Looking forward — Williams isn’t only excited about Earth’s magma ocean, she’s optimistic about the ways her entire field is changing.
“I think a lot of people, especially school kids, think about geologists as old white-bearded men hiking around in sandals with socks — and that’s not what the subject is anymore,” she says. “The subject is changing, it’s really multidisciplinary now, and it’s much more diverse than it used to be.”
“In some ways that’s the more important message,” she says. “Magma oceans are cool, but in some ways, diversity is far more important.”
Abstract: The differentiation of Earth ~4.5 billion years (Ga) ago is believed to have culminated in magma ocean crystallization, crystal-liquid separation, and the formation of mineralogically distinct mantle reservoirs. However, the magma ocean model remains difficult to validate because of the scarcity of geochemical tracers of lower mantle mineralogy. The Fe isotope compositions (δ57Fe) of ancient mafic rocks can be used to reconstruct the mineralogy of their mantle source regions.
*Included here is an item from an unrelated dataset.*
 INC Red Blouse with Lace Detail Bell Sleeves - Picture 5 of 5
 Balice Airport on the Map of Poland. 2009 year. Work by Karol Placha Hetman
We present Fe isotope data for 3.7-Ga metabasalts from the Isua Supracrustal Belt (Greenland). The δ57Fe signatures of these samples extend to values elevated relative to modern equivalents and define strong correlations with fluid-immobile trace elements and tungsten isotope anomalies (μ182W). Phase equilibria models demonstrate that these features can be explained by melting of a magma ocean cumulate component in the upper mantle. Similar processes may operate today, as evidenced by the δ57Fe and μ182W heterogeneity of modern oceanic basalts.